容易看出\(\hat{y}_1 + \hat{y}_2 + \hat{y}_3 = 1\)且\(0 \leq \hat{y}_1, \hat{y}_2, \hat{y}_3 \leq 1\)，因此\(\hat{y}_1, \hat{y}_2, \hat{y}_3\)是一个合法的概率分布。这时候，如果\(\hat{y}_2=0.8\)，不管\(\hat{y}_1\)和\(\hat{y}_3\)的值是多少，我们都知道图像类别为猫的概率是80%。

1.3 交叉熵损失函数

真实标签也可以用类别分布表达：对于样本\(i\)，我们构造向量\(\boldsymbol{y}^{(i)}\in \mathbb{R}^{q}\) ，使其第\(y^{(i)}\)（样本\(i\)类别的离散数值）个元素为1，其余为0。

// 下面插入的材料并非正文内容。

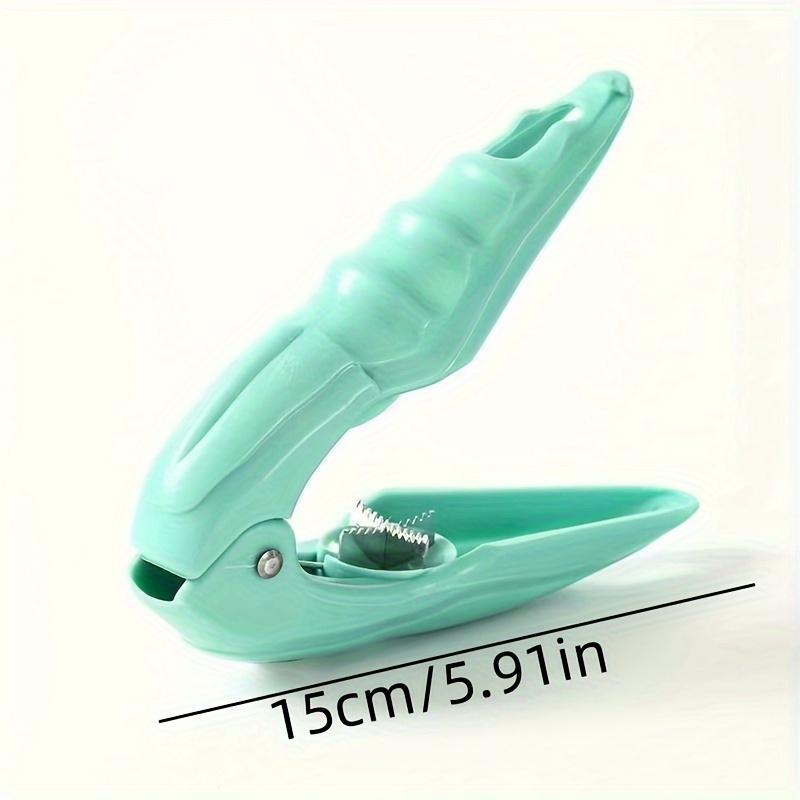 Green chestnut opening tool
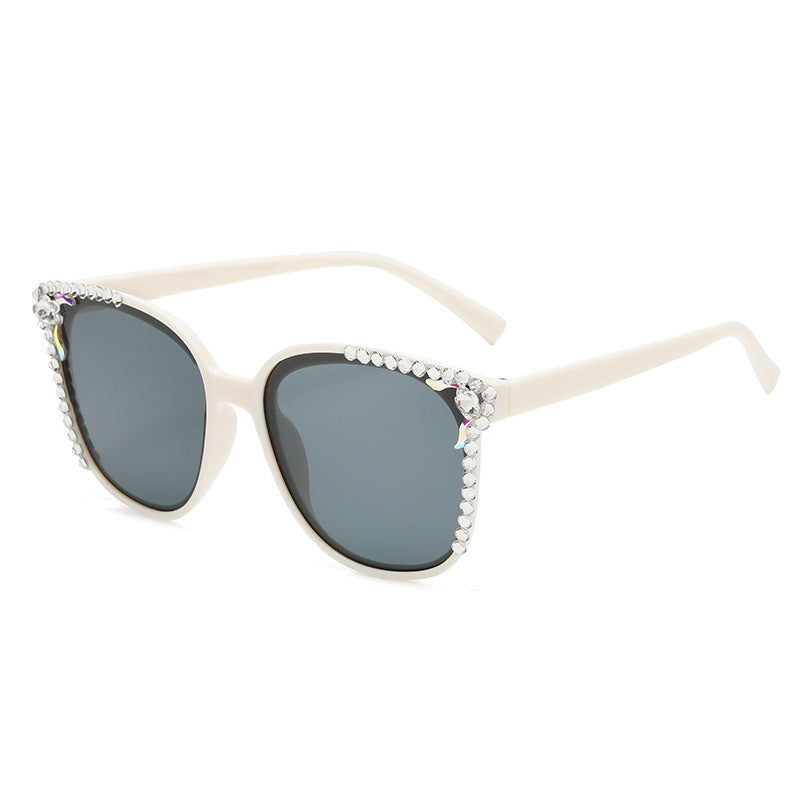 Women's fashion glasses 跨境GM墨镜女网红同款直播爆款镶钻太阳镜时尚防紫外线太阳镜批发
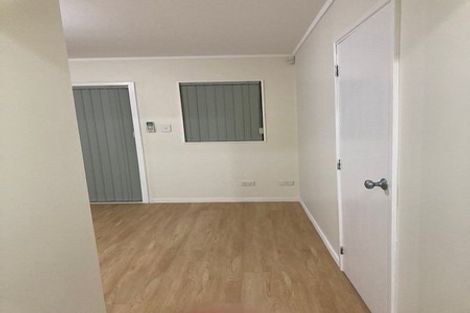 Photo of property in 55a Archibald Road, Kelston, Auckland, 0602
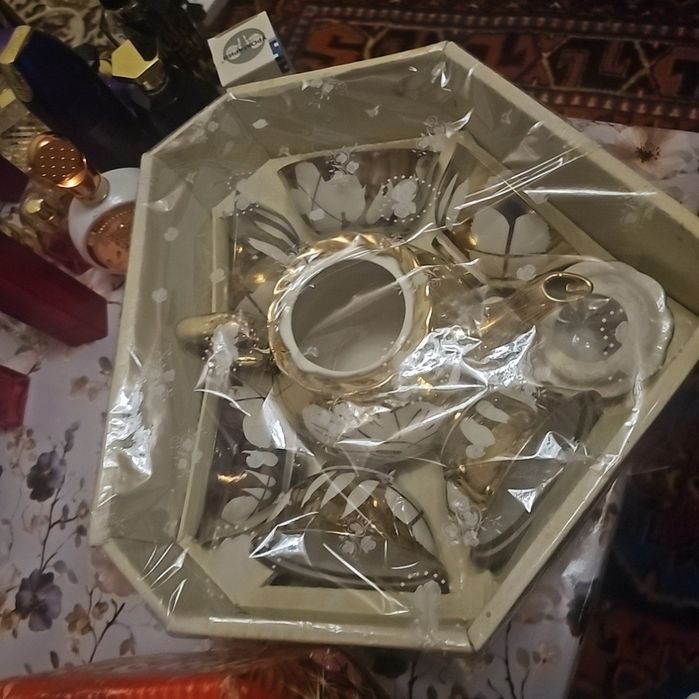 Choynak piyola naborlar sotiladi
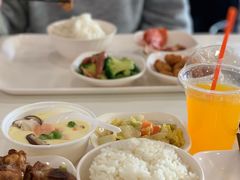 -浦东图书馆读者餐厅
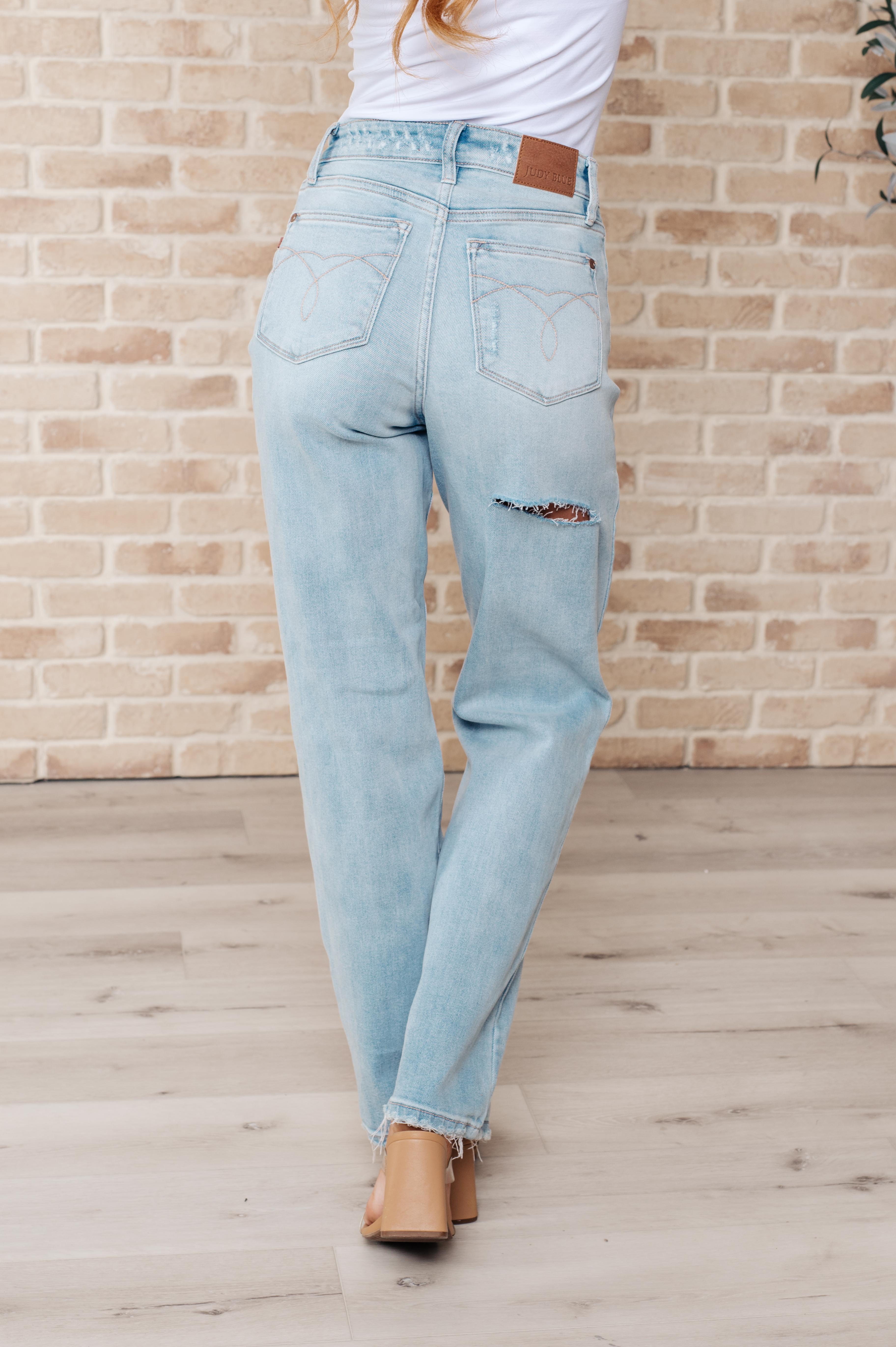 The 90s High Rise Straight Jeans in Light Wash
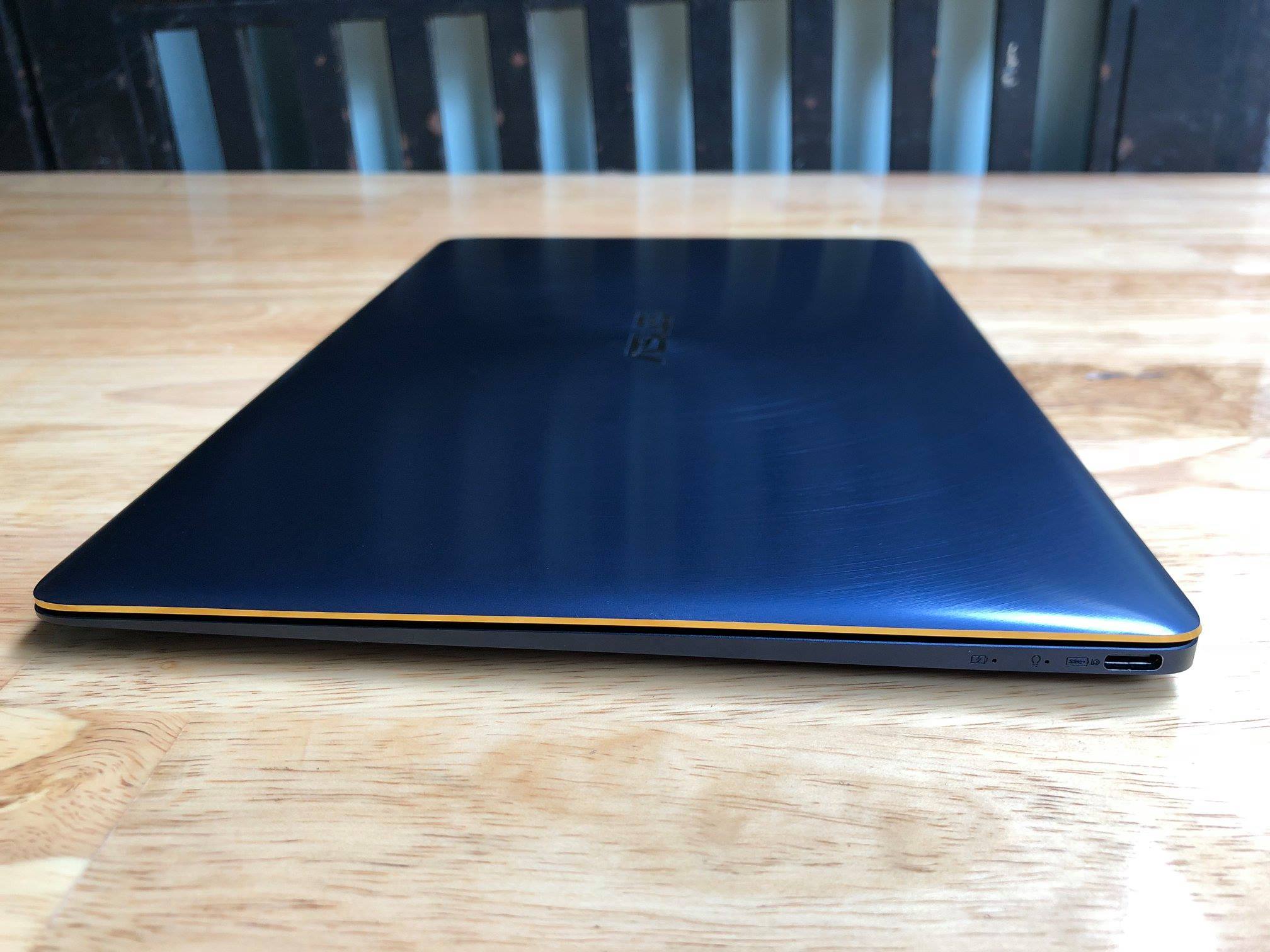 laptop Asus Zenbook 3 UX390, i7 7500u, 16G, 512G, 12.5in, Full HD, siêu mỏng - 4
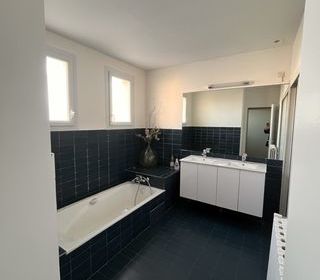  Maison � louer 5 pi�ces 130 m�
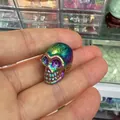 Handgefertigte, irisierende Totenkopf-Figur mit Regenbogen-Metallic-Finish für Halloween - Nr.19 (Schimmernd Phantom Transparent)
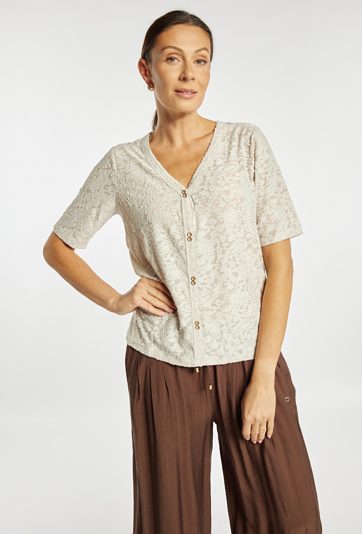 Sweter z delikatnym wzorem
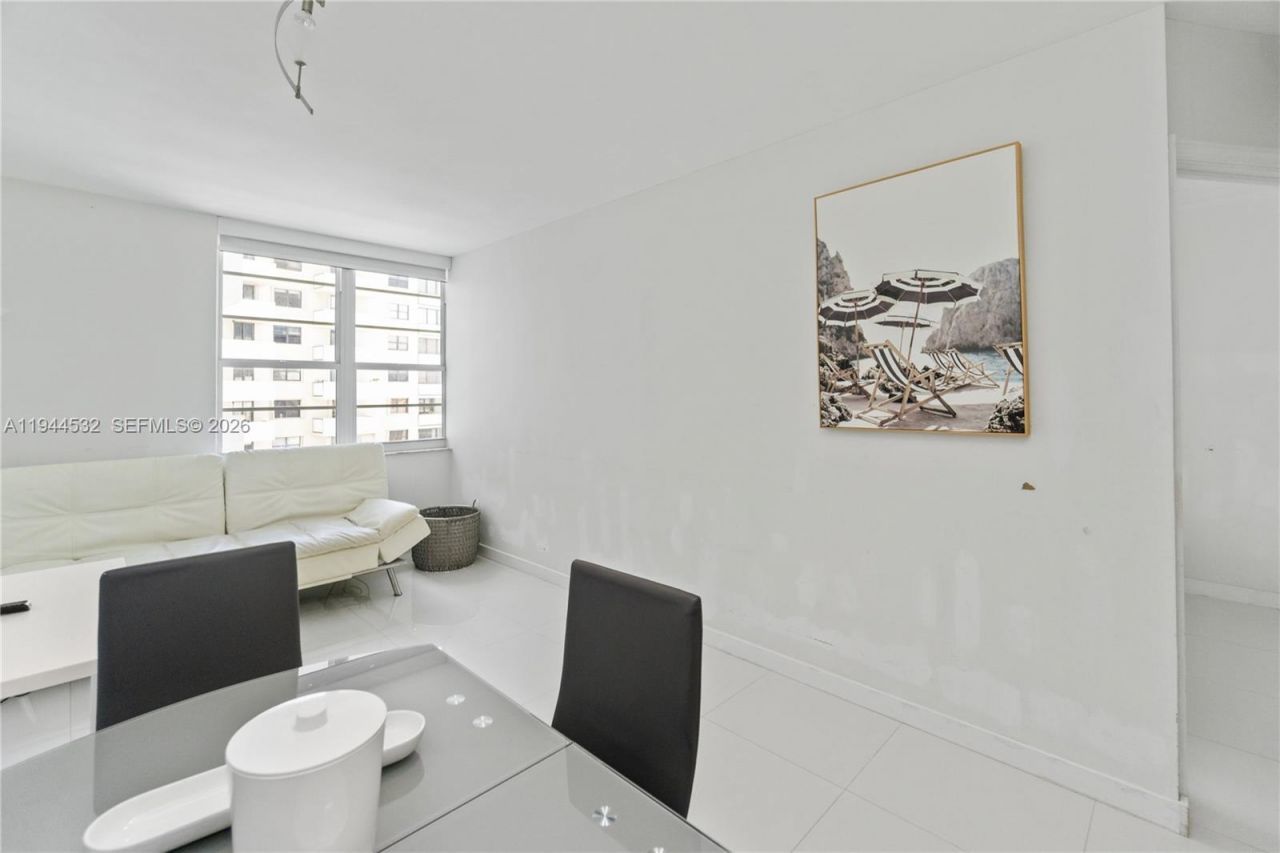 100 Lincoln Rd, Unit 501, Miami Beach, FL 33139 Photo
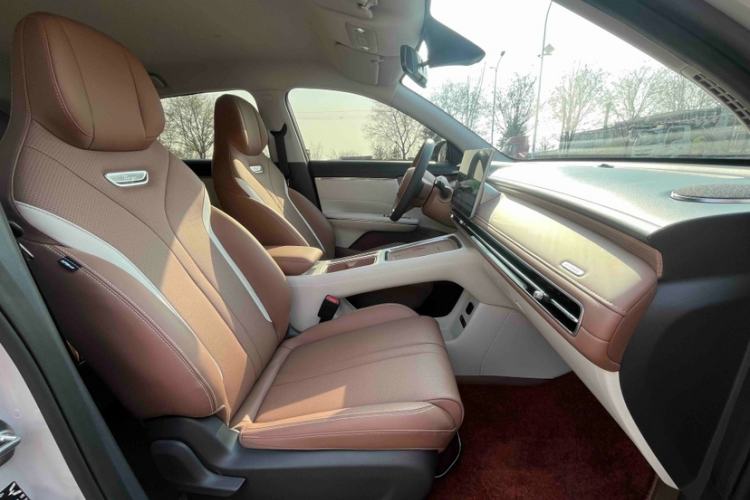 Used Wuling Bingo S 2025 Model 325km Deluxe Edition Interior 14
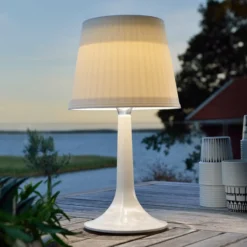 Weiße LED-Solartischleuchte Assisi Sitra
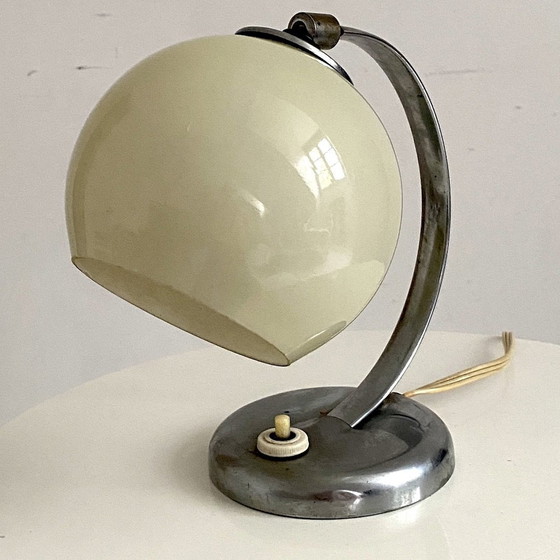 Image 1 of Lampe De Table Art Déco Chrome Et Opaline Beige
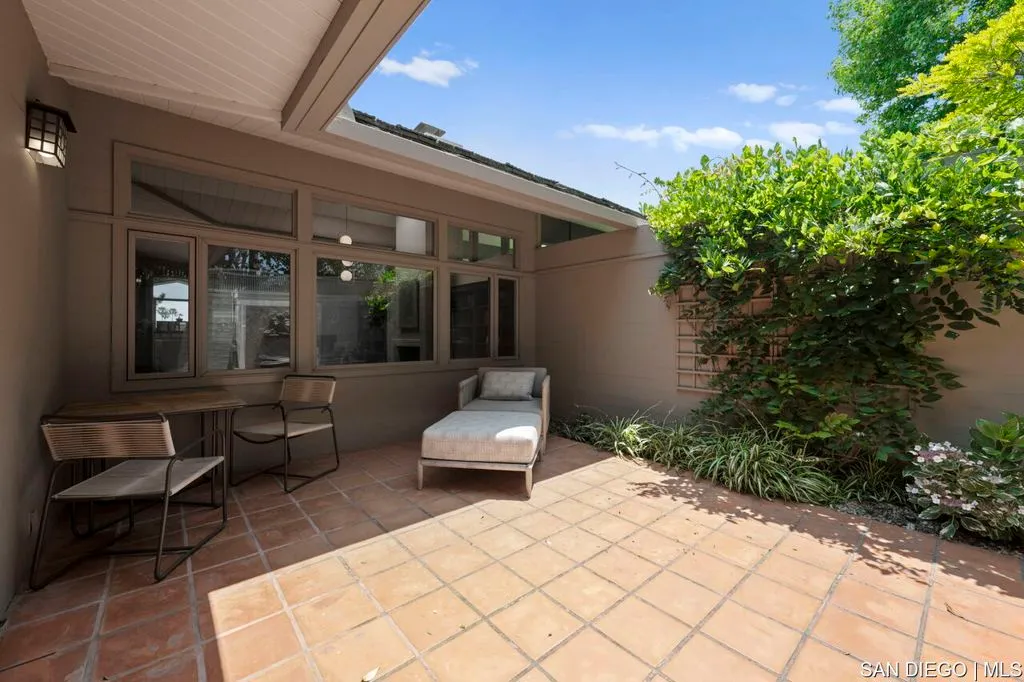 La Jolla, California 92037, United States, 5 Bedrooms Bedrooms, ,6 BathroomsBathrooms,Residential,Active,164083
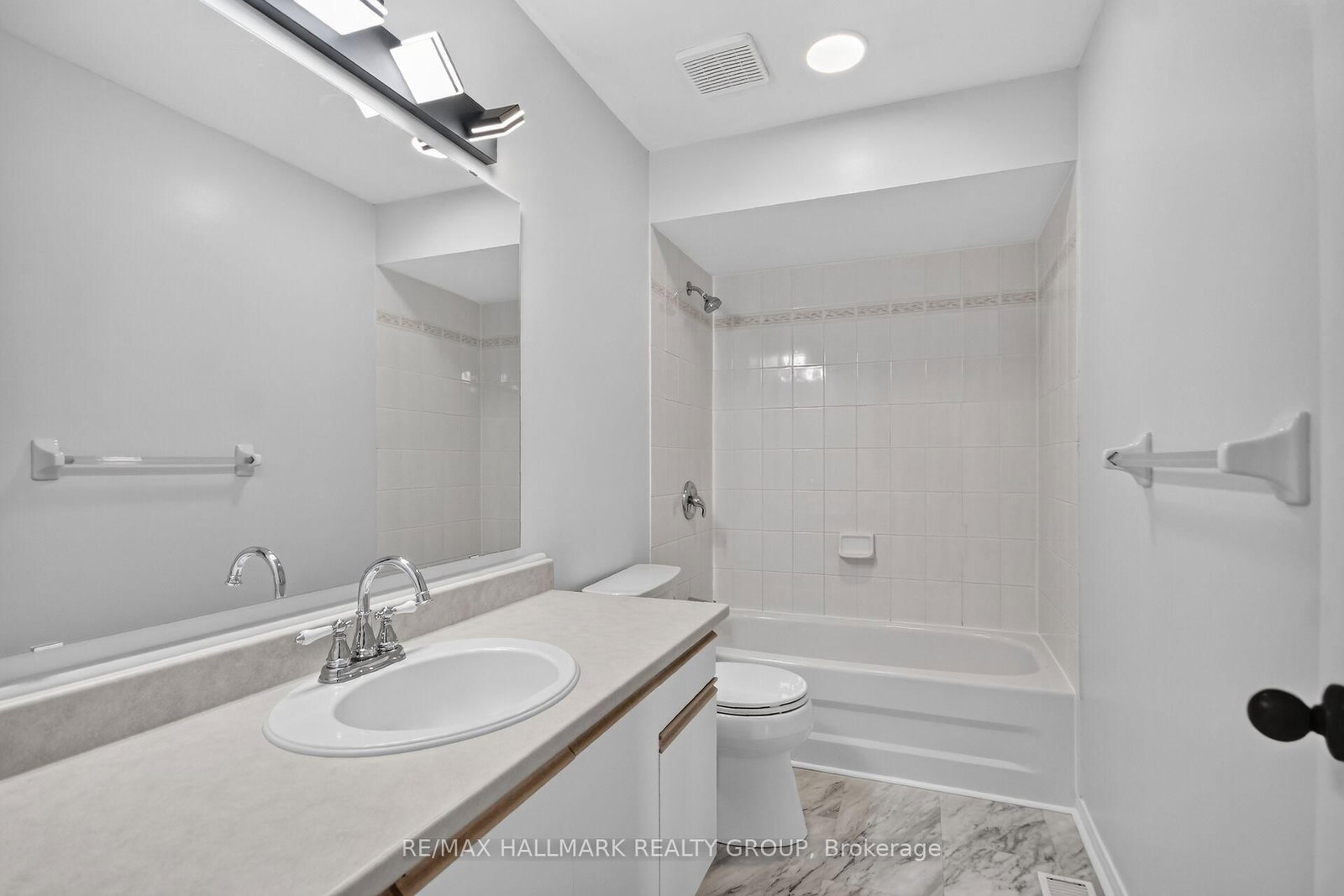 82 Whalings Circle • Stittsville, ON photo 29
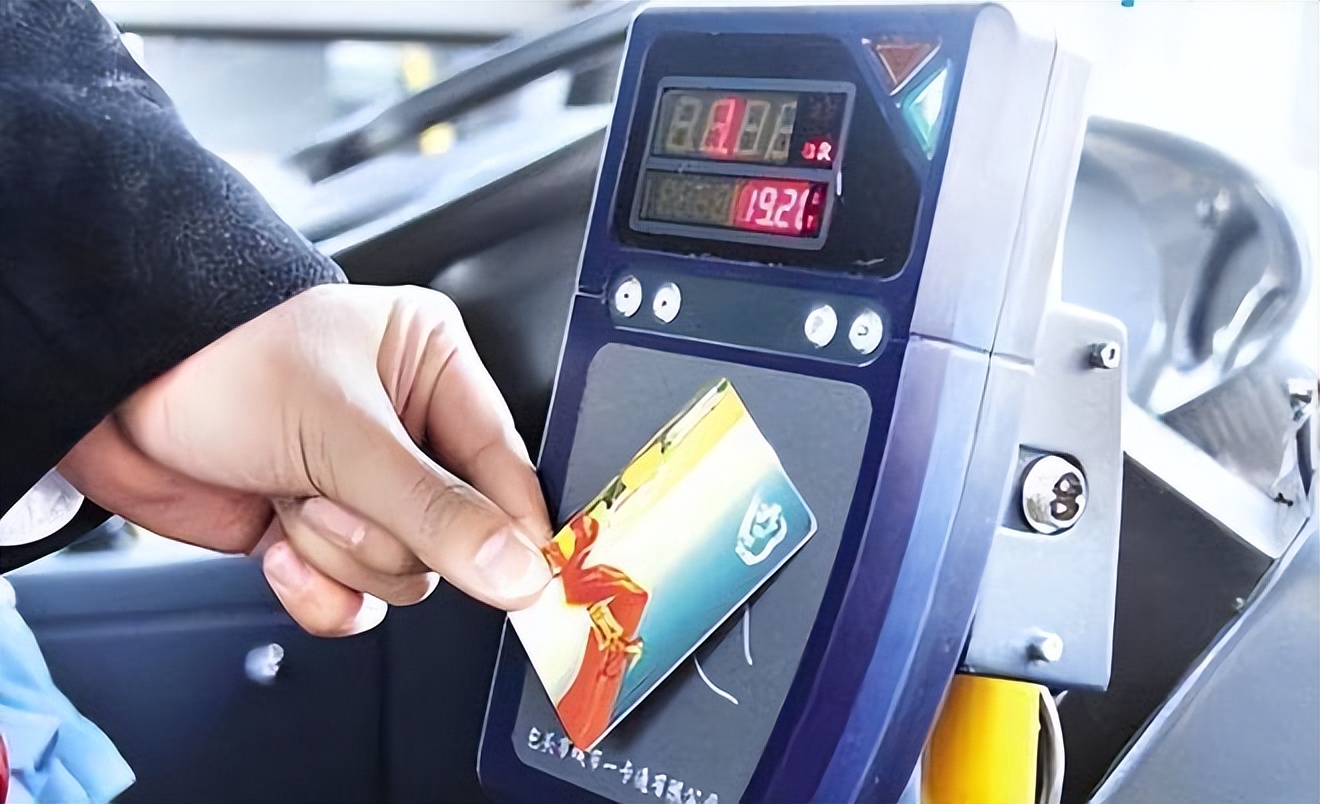 公交车收费为什么那么便宜,公交车为什么分两种收费类型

这样我们的训练目标可以设为使预测概率分布\(\boldsymbol{\hat y}^{(i)}\)尽可能接近真实的标签概率分布\(\boldsymbol{y}^{(i)}\)。

对于分类问题，常使用交叉熵衡量真实概率分布和预测概率分布的差异：

\[H\left(\boldsymbol y^{(i)}, \boldsymbol {\hat y}^{(i)}\right ) = -\sum_{j=1}^q y_j^{(i)} \log \hat y_j^{(i)},\]

其中带下标的\(y_j^{(i)}\)是向量\(\boldsymbol y^{(i)}\)中非0即1的元素，需要注意将它与样本\(i\)类别的离散数值，即不带下标的\(y^{(i)}\)区分。在上式中，我们知道向量\(\boldsymbol y^{(i)}\)中只有第\(y^{(i)}\)个元素\(y^{(i)}_{y^{(i)}}\)为1，其余全为0，于是\(H(\boldsymbol y^{(i)}, \boldsymbol {\hat y}^{(i)}) = -\log \hat y_{y^{(i)}}^{(i)}\)。也就是说，交叉熵只关心对正确类别的预测概率，因为只要其值足够大，就可以确保分类结果正确。当然，遇到一个样本有多个标签时，例如图像里含有不止一个物体时，我们并不能做这一步简化。但即便对于这种情况，交叉熵同样只关心对图像中出现的物体类别的预测概率。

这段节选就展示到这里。